The story of an undead – Zombieland burned down

So that’s it. Out. The End. I’ve achieved everything. It hardly goes any higher. I made it to the top. “And now?” I sat at my desk, looked around my office and … felt nothing. And I did not for such a long time. Was that everything? Was it worth all the effort?

That’s exactly how I felt a few years ago. From a hierarchical point of view, I had achieved (almost) everything that was possible: I was the CEO of a large organization and for years I had reassured myself over and over again through every operational crisis and the daily madness, “This is YOUR dream, you do everything for it and make a lot of sacrifices…“ For a long time I thought that this was the way it was and that I just had to go through it… until? Yes, until when?

I was worn out by the pressure that came from all sides, but also by the often short-term and frequently changing demands of the various stakeholders in the company, who kept shaping MY daily work. The job itself, which looked like the dream of my life from a distance, was characterized by boring routines, control of work processes and constant trouble shooting moments when viewed up close. I was constantly busy keeping the business running, but not moving it forward, because I had no more capacity for that. The creative freedom that I once had and that made the CEO position so attractive to me was gone. I exchanged it for short-term management of daily problems or dealing with the whims of the bosses and thus ruined the playground where I used to get so creative, had new ideas and drove innovative projects.

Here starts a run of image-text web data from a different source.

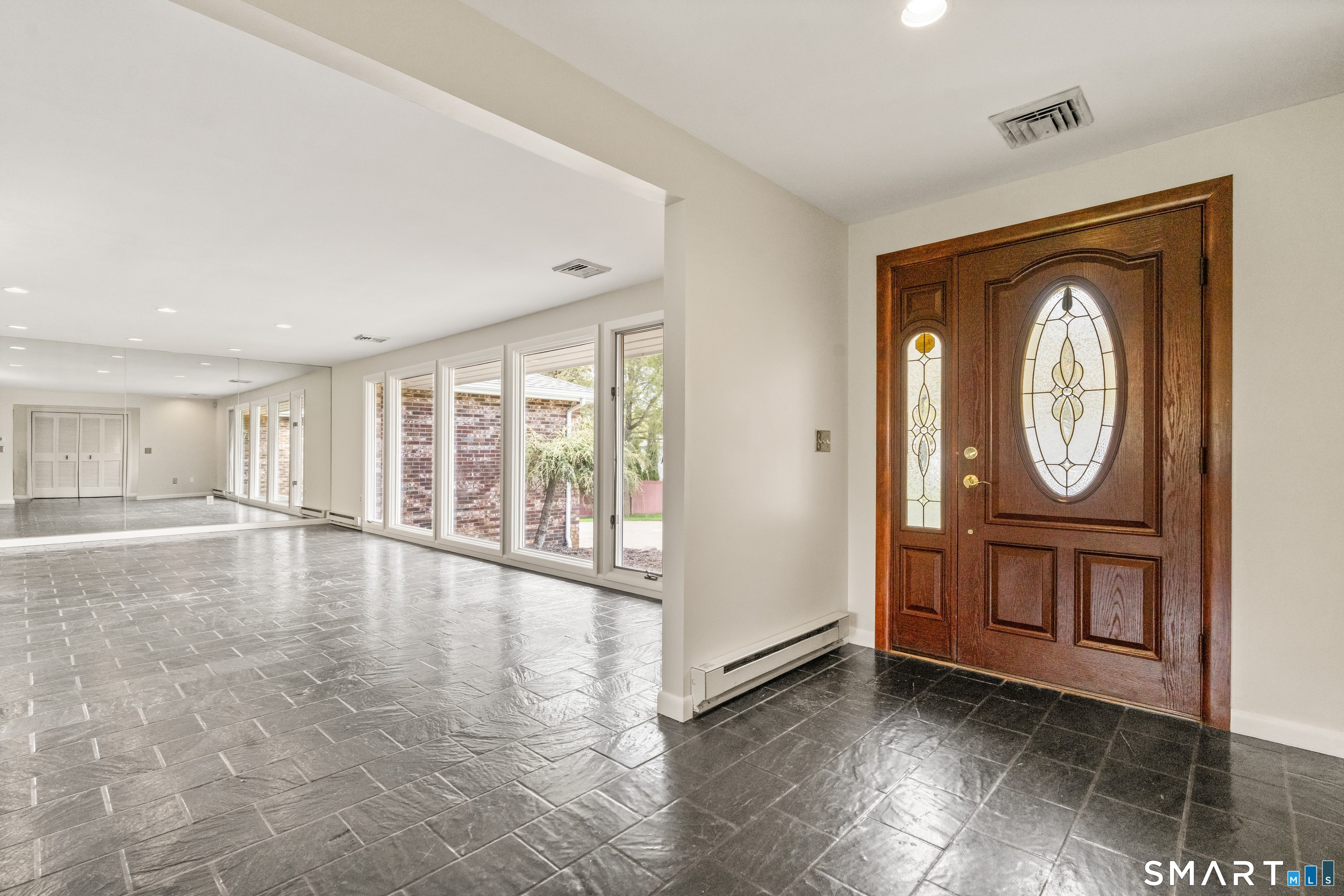 24 Colonial Drive Waterford CT 06385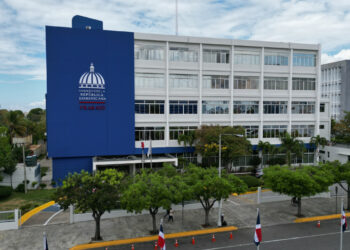 Gobierno llama a empresas de RD a flexibilizar horarios en provincias en alerta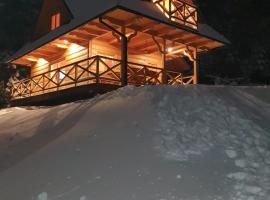 Domek w górach pod Jodłami, hotel en Nowy Targ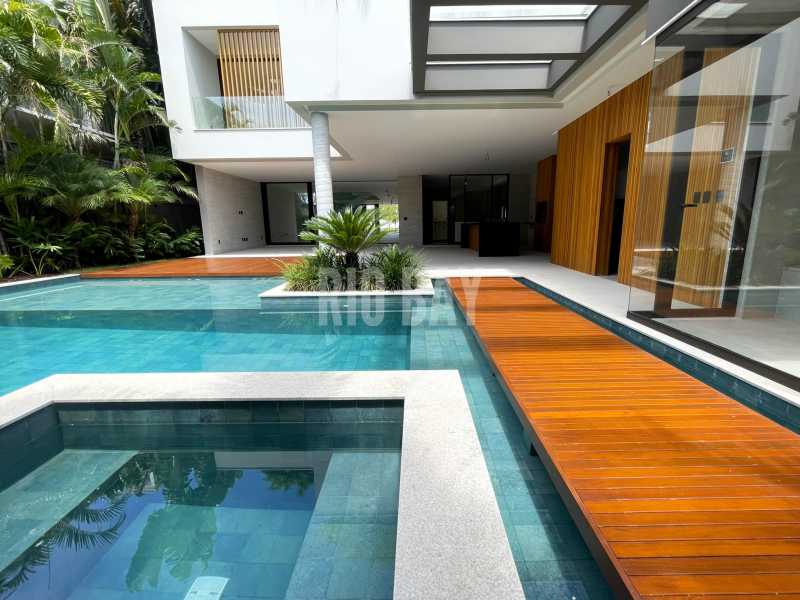 Conheça RIO BAY 9 do imóvel - Casa em Condomínio à venda Rua Ayrton Luiz Gonçalves, Barra da Tijuca, Rio de Janeiro - R$ 9.900.000 - RBCN50003 - 10 RIO BAY 9 - 10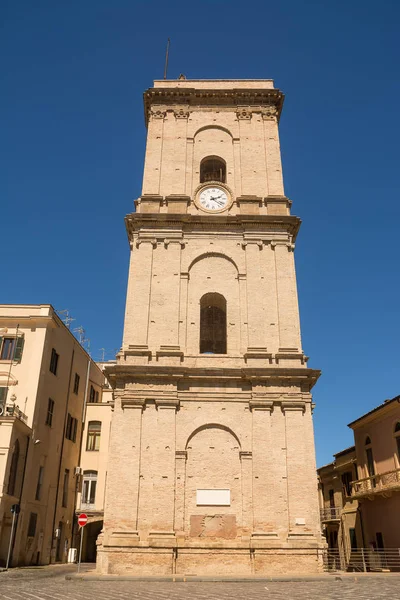 Башня собора в городе Ланчано в Абруццо (Италия) ) — стоковое фото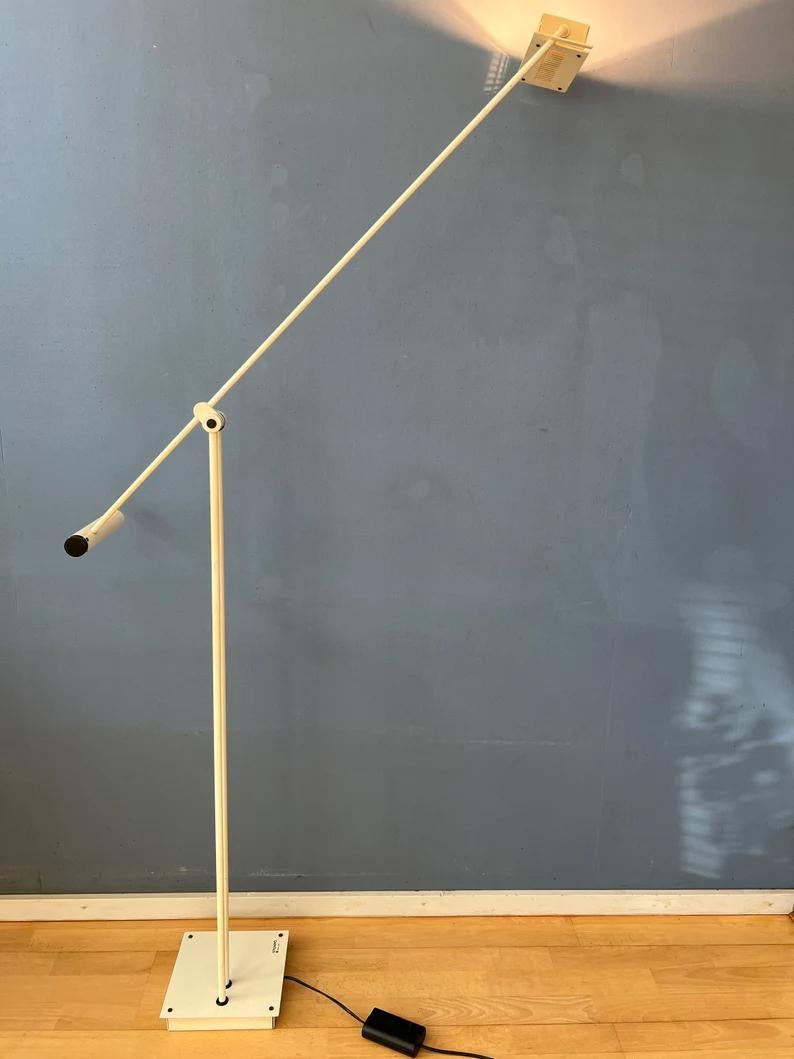 A white 'Samurai' floor lamp by Japanese designer Shigeaki Asahara for Italian lighting manufacturer Stilnovo. The height of this halogen floor lamp is adjustable with a maximum height of 2 meters. The lamp requires one E27 lightbulb and currently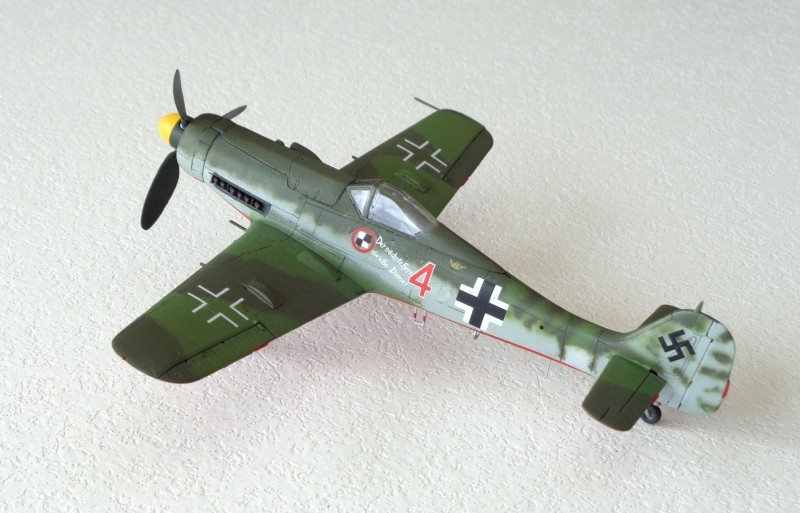 [Tamiya] 1/72 - Focke-Wulf Fw 190 D-11 (fw190) - Page 2 604abc8188a405d3d29070e7e6f4d0db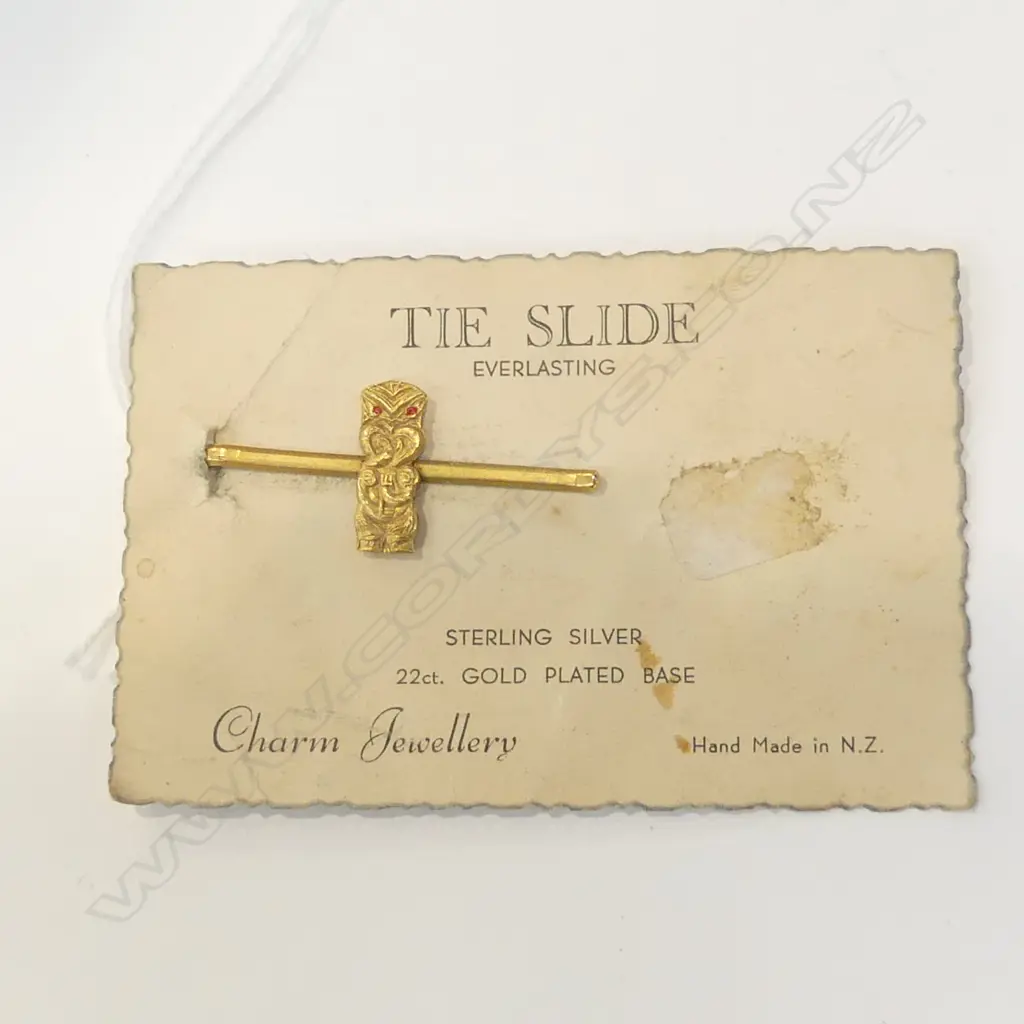 VINTAGE STG SILVER & 22CT GOLD PLATE BASE, MAORI TIKI HAIR SLIDE OR TIE PIN, MADE IN NZ - ON ORIGINAL CARD Image 1++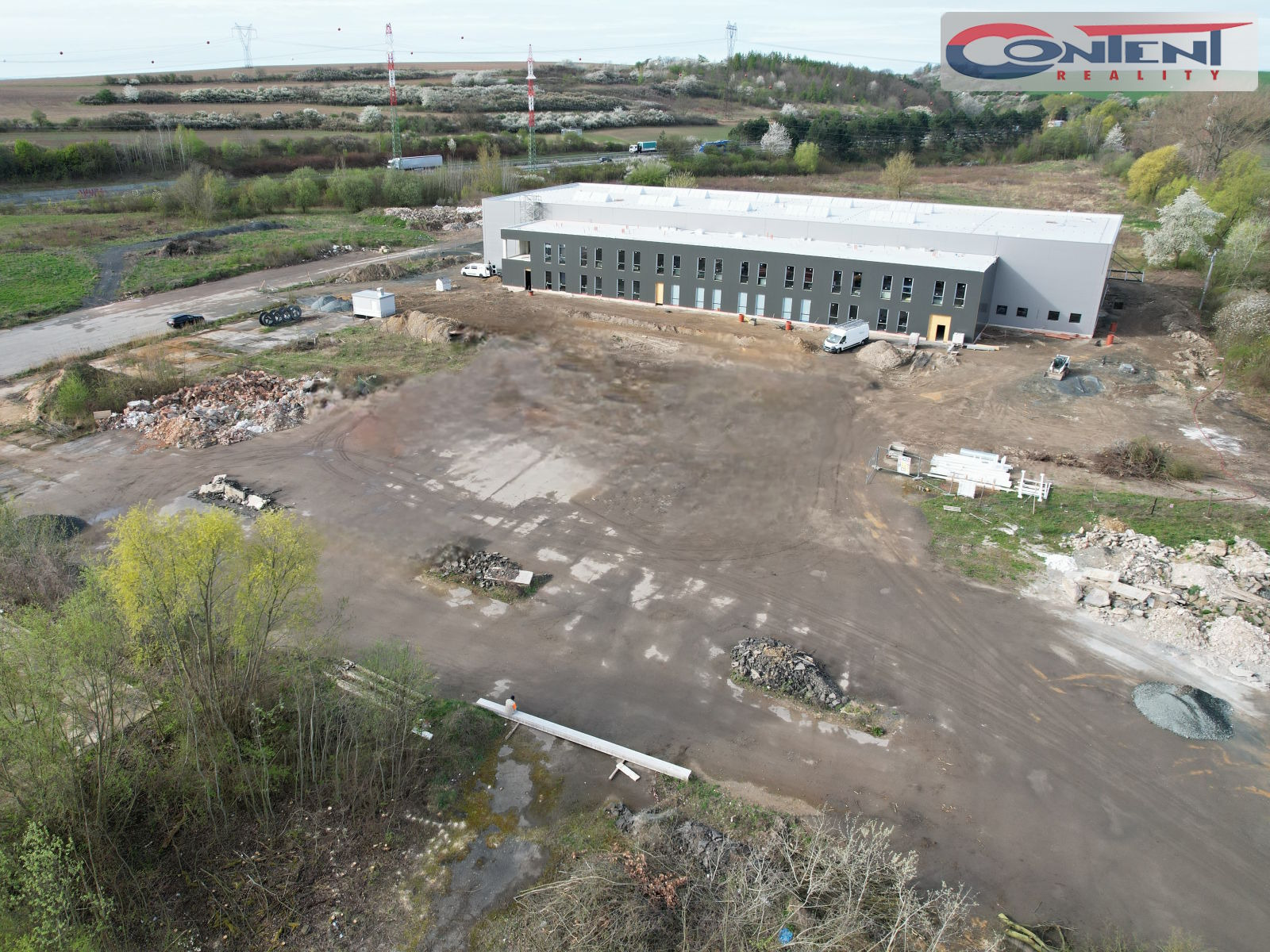 Prodej stavebního pozemku s UR 11.529 m², Mochov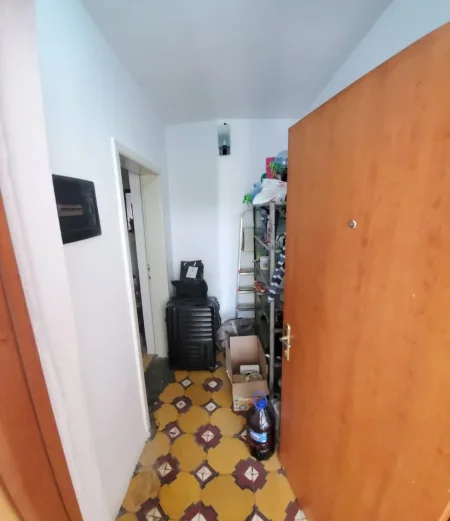 Tirane, jepet me qera apartament 1+1, Kati 5, 50 m² 350 € te Brryli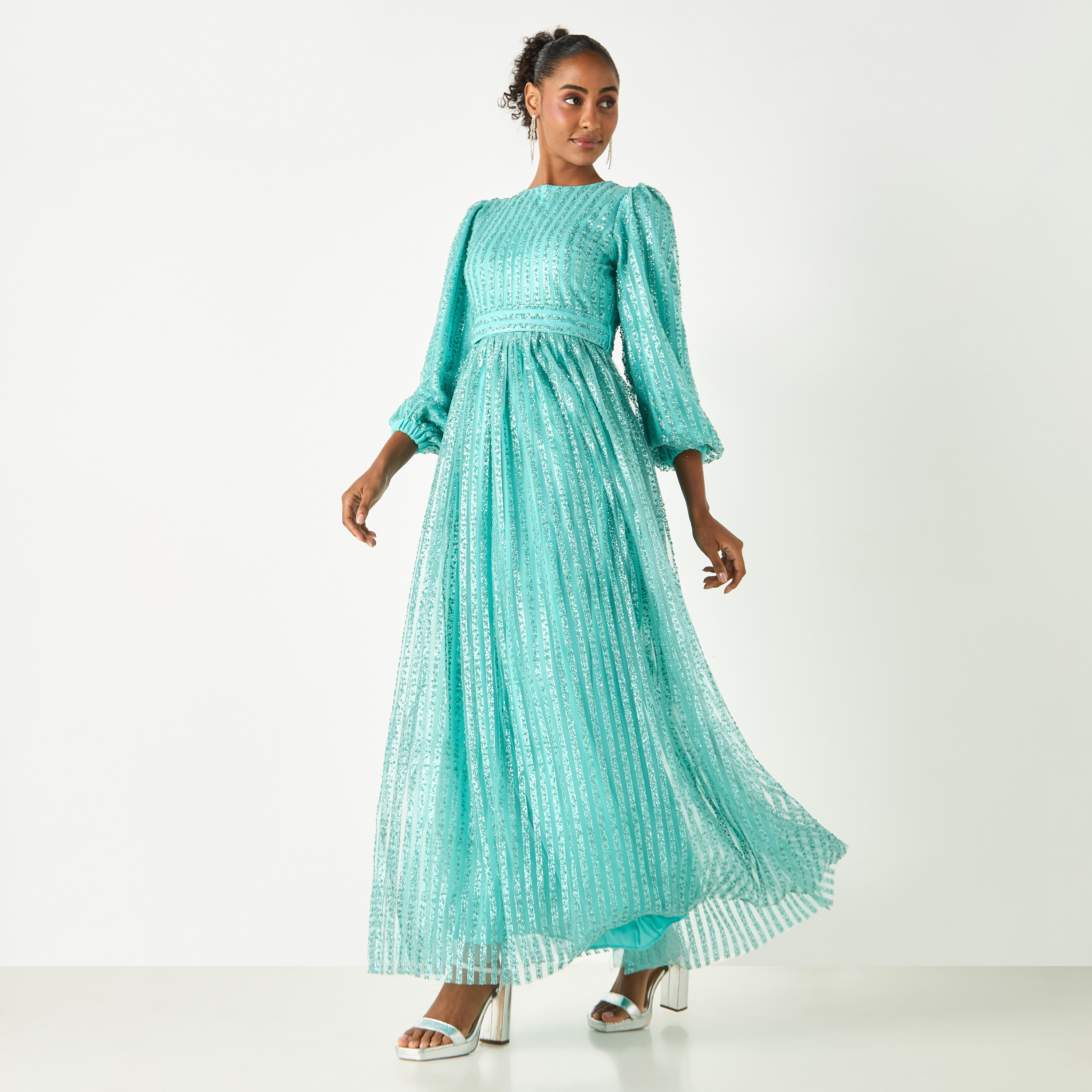 فستان بارز الملمس بياقة قارب وأكمام واسعة وحزام من جولدن آبل-women-clothing-dresses-image-1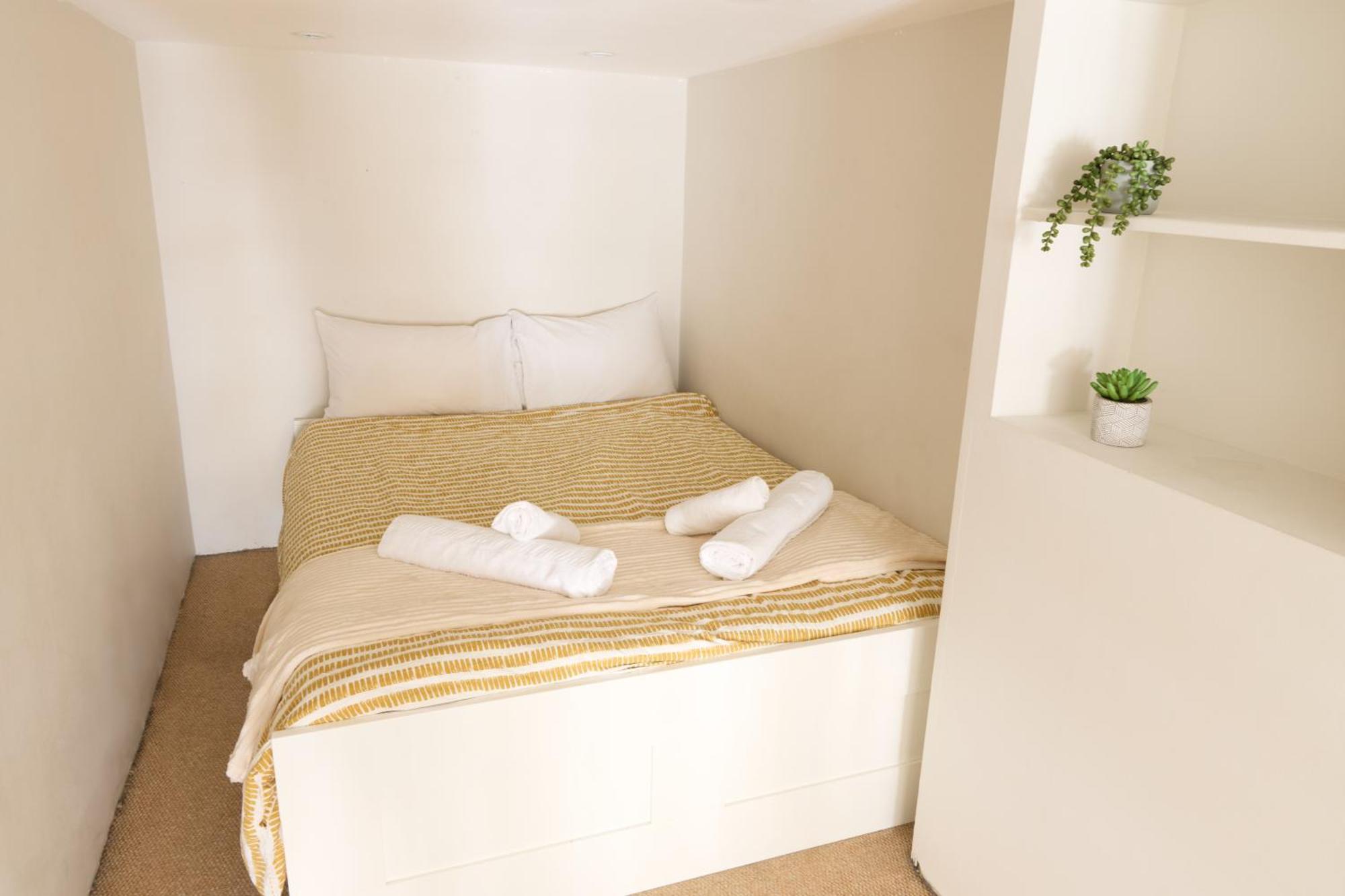 Apartment Charming 1-bed In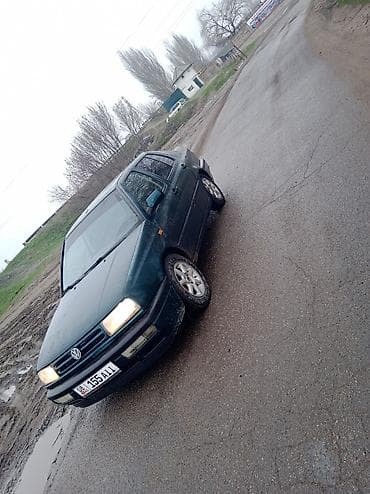 рама на скутер: Volkswagen Vento: 1995 г., Седан — 7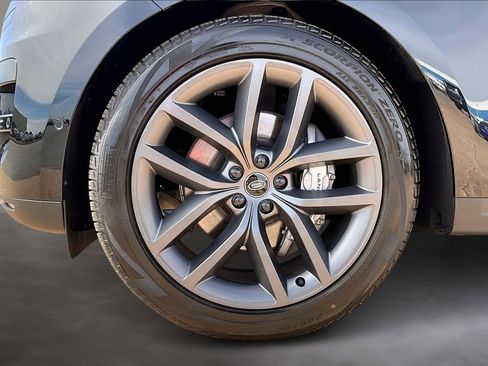 Certified 2025 Land Rover Range Rover Sport SE image 8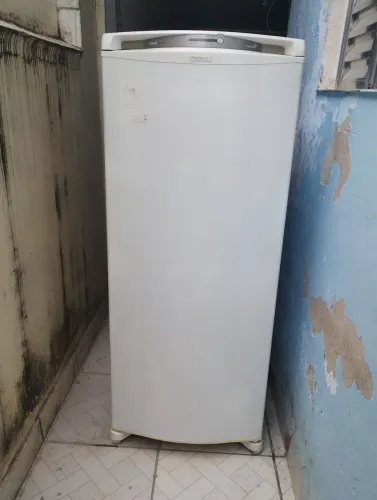 Vendo geladeira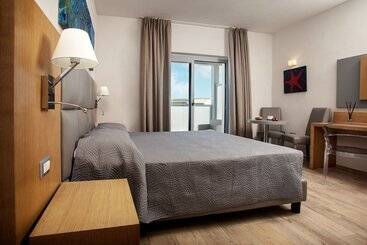 پانسیون Capotesta Luxury Rooms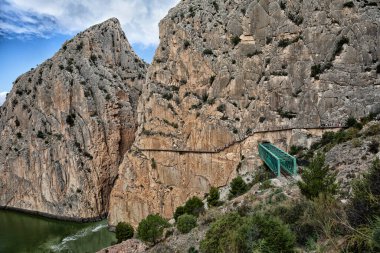La Calanque de Caldon köprüsü, Calcalis ilinin dağlarında, yazın İspanya.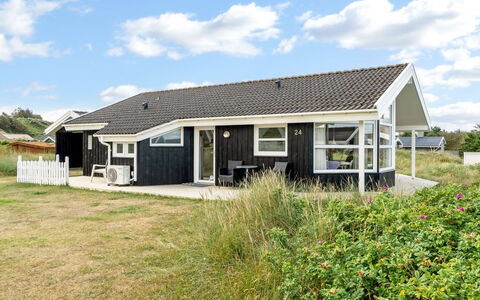 Fanni - 460M from the Sea: Meubilair, Interieur Ontwerp, Flooring, Hout, Verdieping, Plafond, Houten Vloer, Stoel, Tafel, Verlichting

I myself was constantly driven, extremely under operational stress and it had become lonely around me. To top it all off, I was bored with the routines.

And I know from many conversations that I am not alone with this feeling, but that many executives feel the same or similar.

At that time, the desire for fundamental change germinated in me, which I did not want to admit to myself for a long time. But my questions of meaning made it more and more difficult for me to cope with my tasks with passion. Was it all so desirable? The answer is very clear: no. What for? No money, no status and no power in the world is enough to compensate for all of this. Admitting that in that moment in time wasn’t easy. Leaving traditional paths takes a lot of courage and strength. I was able to muster that up when the pressure of suffering and my dissatisfaction grew and I just wanted to shout: “Stop! I want to set the course for myself again and not let others or the circumstances do it. ”It was an inner need of unspeakable greatness for freedom and therefore to be able to shape my reality again myself. A restart and re-navigation process was growing in me which led me out of the confines and into a new, best version of me, in the direction of my true greatness and purpose. It quickly became clear to me that this change would not be available for free. My own journey took me to the point where I am now and, based on my own experience, support other C-level executives to navigate their own development and to find new dimensions within their companies or other parts of our society. I know what it feels like to think you’re the only one who’s lonely and empty. But it is not true. There are many of us. And the good news is: it doesn’t have to stay that way, we ourselves can actively and self-determinedly shape our future in a positive and valuable way. Trust yourself!